[RFC 0/7] Rethinking splice

Pavel Begunkov <asml.silence@xxxxxxxxx> · Sun, 30 Apr 2023 10:35:22 +0100

IORING_OP_SPLICE has problems, many of them are fundamental and rooted
in the uapi design, see the patch 8 description. This patchset introduces
a different approach, which came from discussions about splices
and fused commands and absorbed ideas from both of them. We remove
reliance onto pipes and registering "spliced" buffers with data as an
io_uring's registered buffer. Then the user can use it as a usual
registered buffer, e.g. pass it to IORING_OP_WRITE_FIXED.

Once a buffer is released, it'll be returned back to the file it
originated from via a callback. It's carried on on the level of the
enitre buffer rather than on per-page basis as with splice, which,
as noted by Ming, will allow more optimisations.

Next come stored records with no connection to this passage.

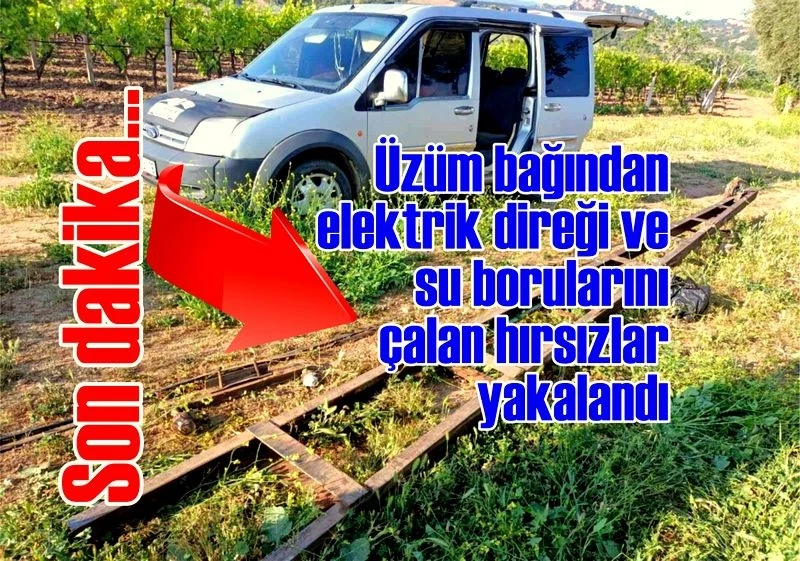 Üzüm bağından elektrik direği ve su borularını çalan hırsızlar yakalandı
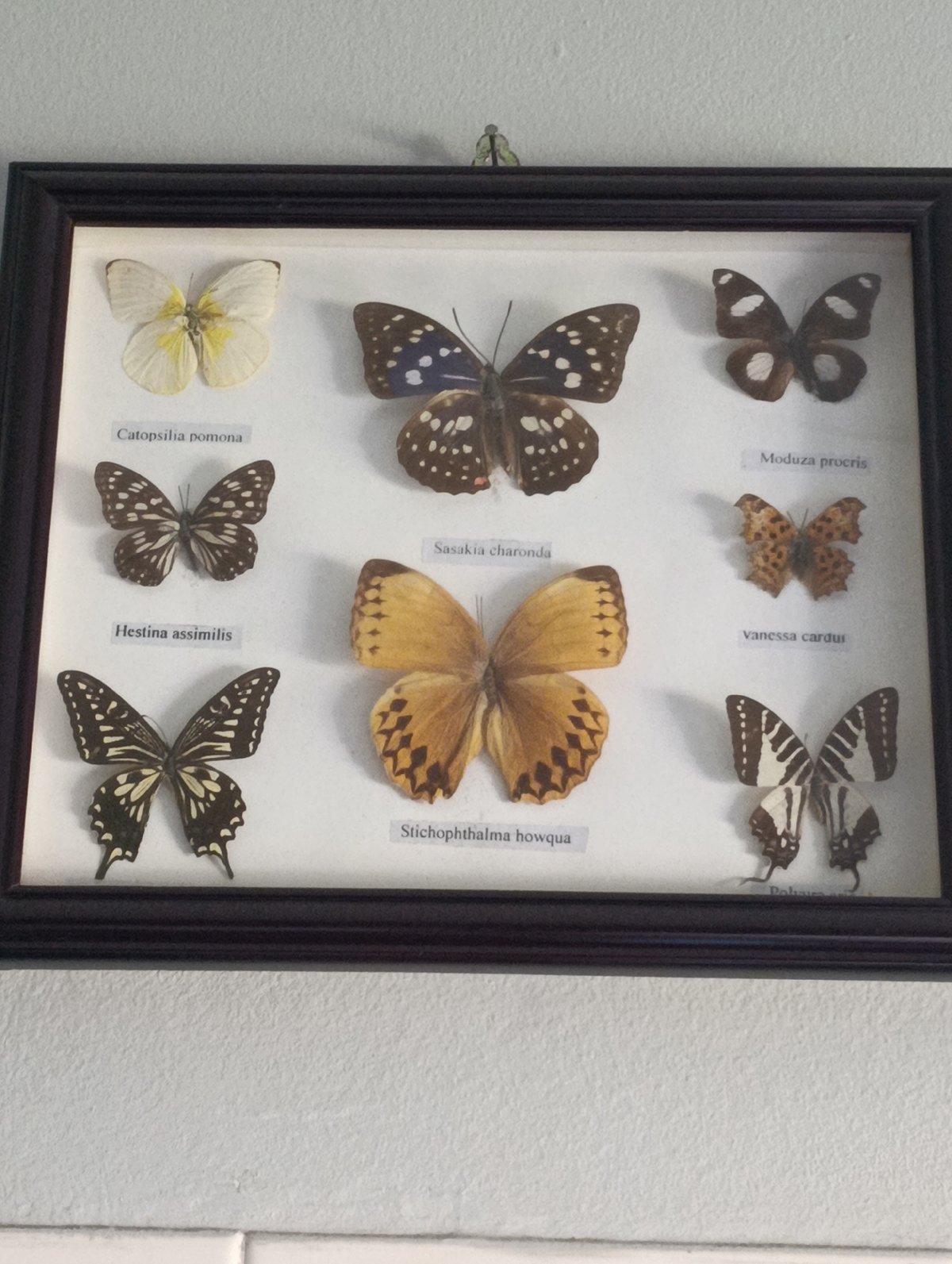 Butterfly motifs indoors and rooftops under blue sky in Setúbal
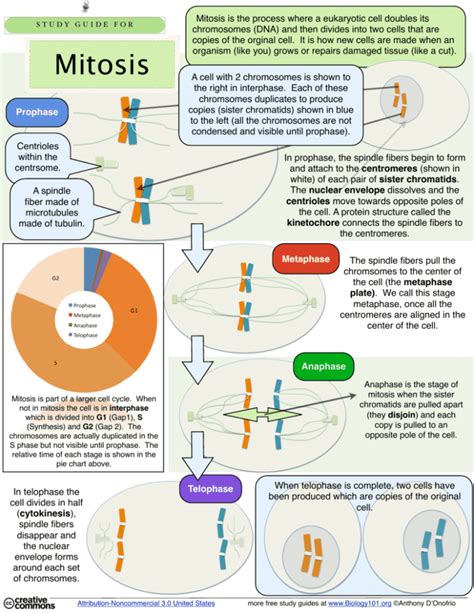 Mitosis Cell Division Study Guide 8 Answers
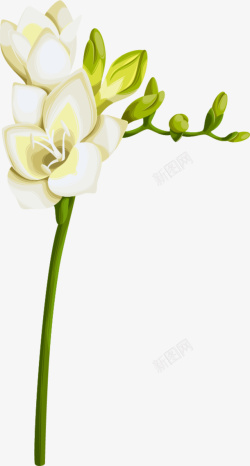 栀子花装饰唯美白色花朵高清图片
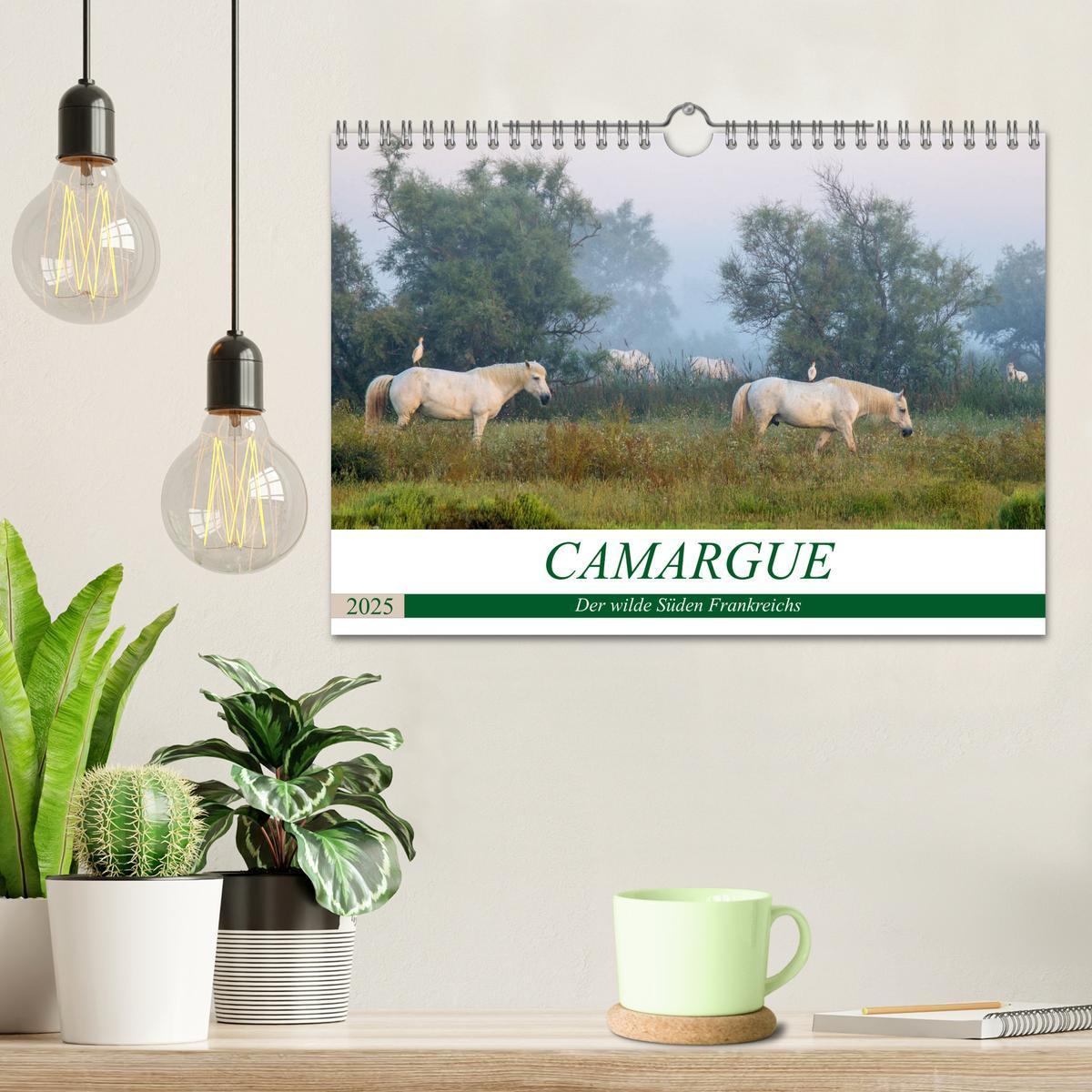 Bild: 9783435407613 | Camargue - Der wilde Süden Frankreichs (Wandkalender 2025 DIN A4...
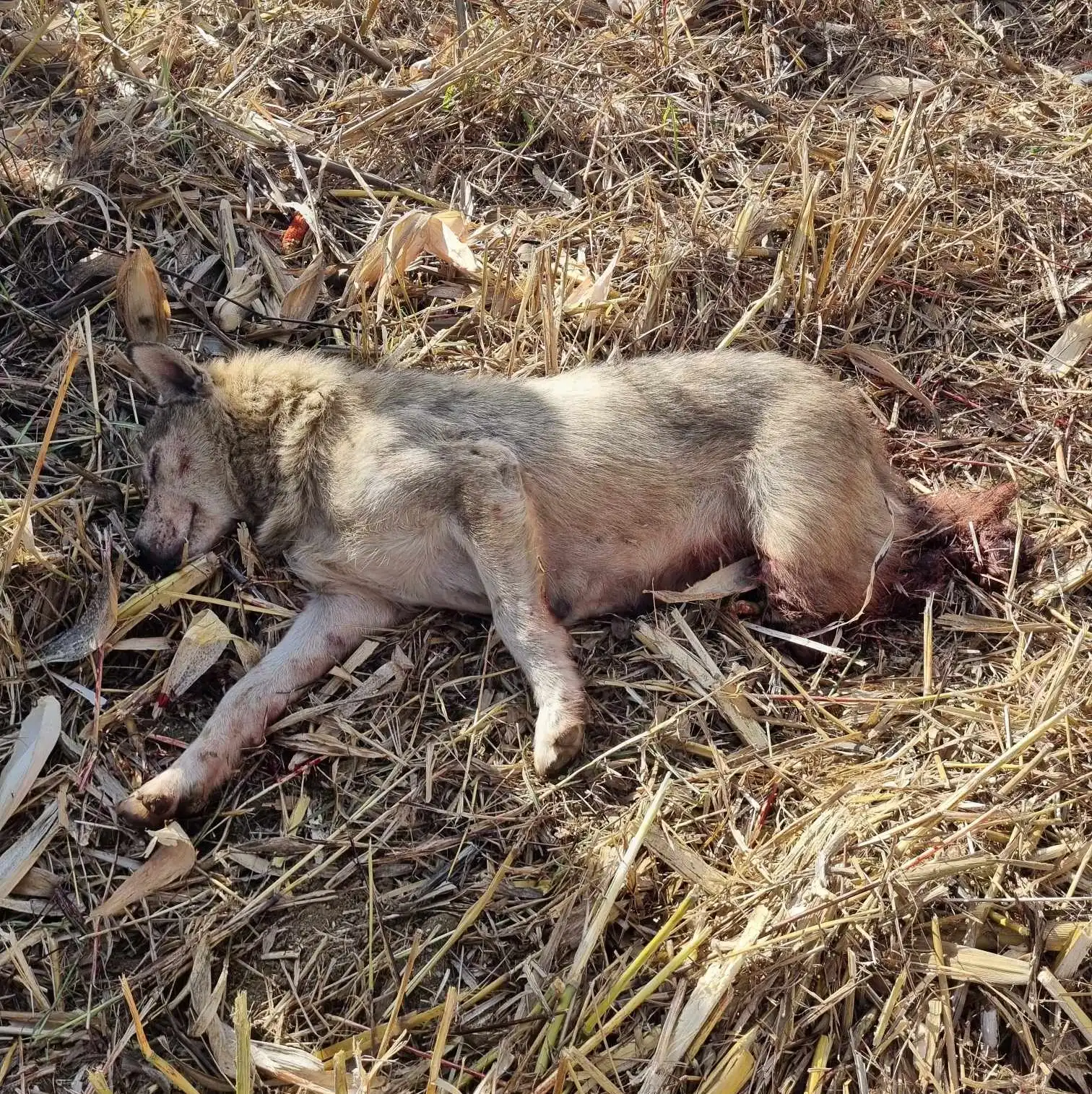 Kuršanec – kujica (3)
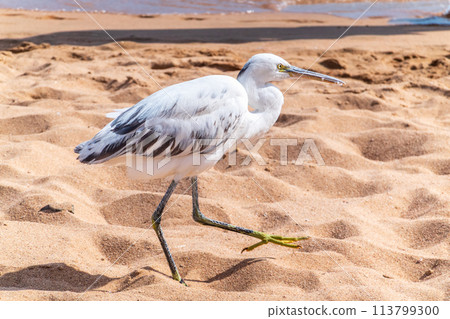 White Western Reef Heron (Egretta gularis) at Sharm el-Sheikh beach, Sinai, Egypt White Western Reef Heron (Egretta gularis) at Sharm el-Sheikh beach, Sinai, Egypt 113799300
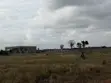 Residential Land for Sale in Afienya - 2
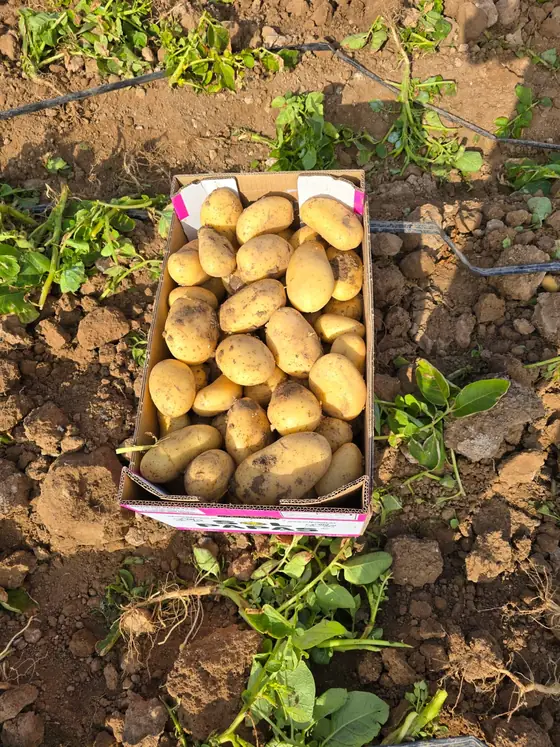 Caja de patata sobre la tierra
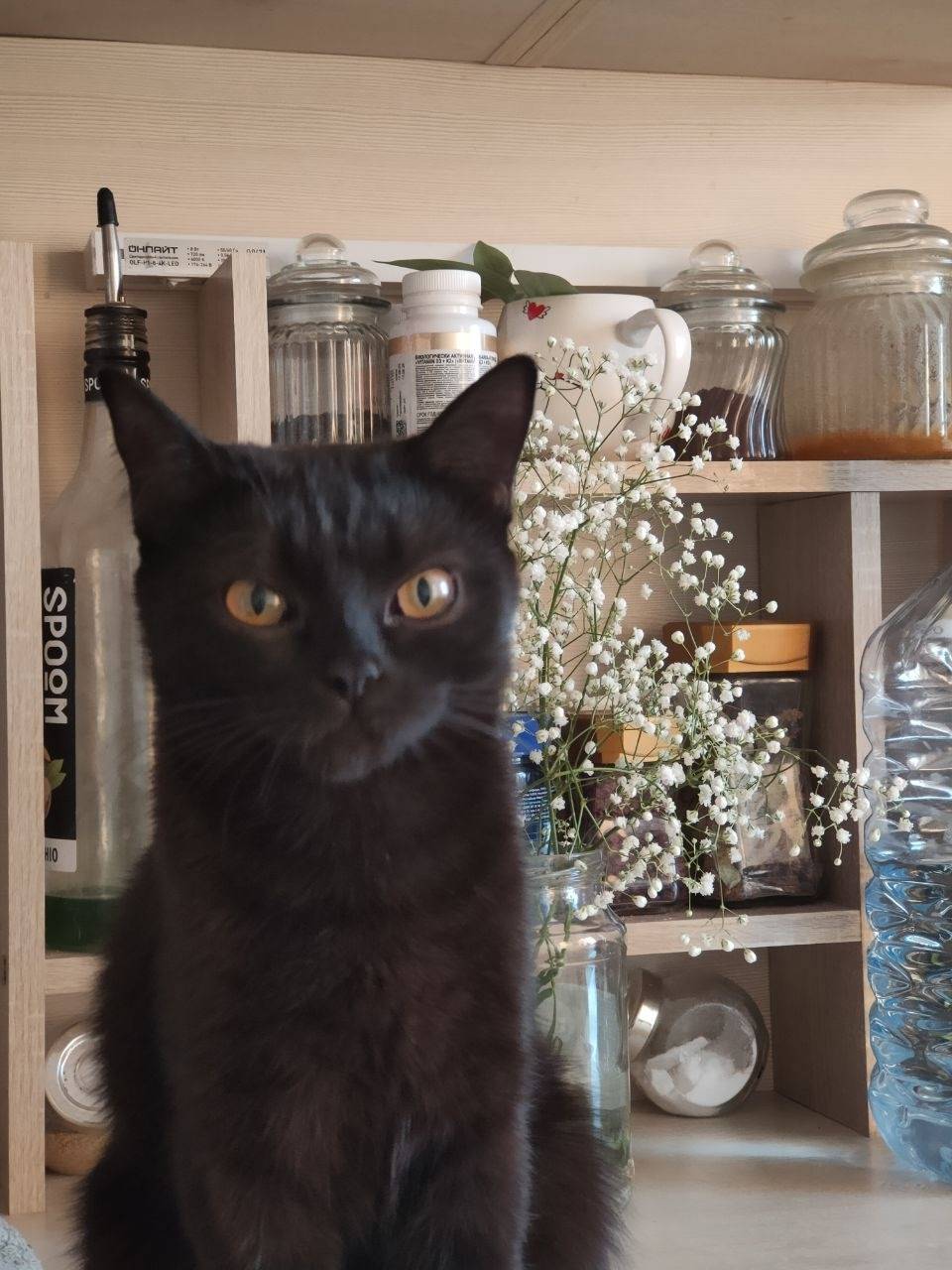 Срочно Пропала кошка 6-11"Б...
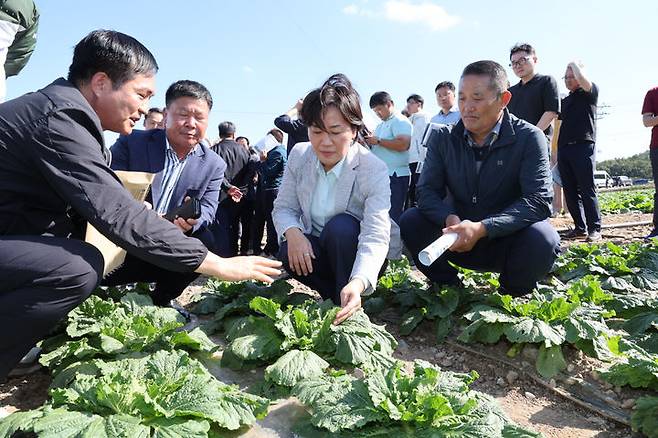 [서울=뉴시스] 조성우 기자 = 송미령 농림축산식품부 장관이 29일 전남 해안군 일원 배추 밭을 찾아 호우 피해상황과 김장배추 작황을 점검하고 있다. (사진=농림축산식품부 제공) 2024.09.29. photo@newsis.com *재판매 및 DB 금지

The communication with the target file is done by a new fops callback,
however the end mean of getting a buffer might change. It also peels
layers of code compared to splice requests, which helps it to be more
flexible and support more cases. For instance, Ming has a case where
it's beneficial for the target file to provide a buffer to be filled
with read/recv/etc. requests and then returned back to the file.

Testing:

I was benchmarking using liburing/examples/splice-bench.t [1], which
also needs additional test kernel patches [2]. It implements get-buf
for /dev/null, and the test grabs one page from it and then feeds it
back without any actual IO, then repeats.

fairness:
IORING_OP_SPLICE performs very poorly not even reaching 450K qps, so one
of the patches enables inline execution of it to make it more
interesting but is only fine for testing.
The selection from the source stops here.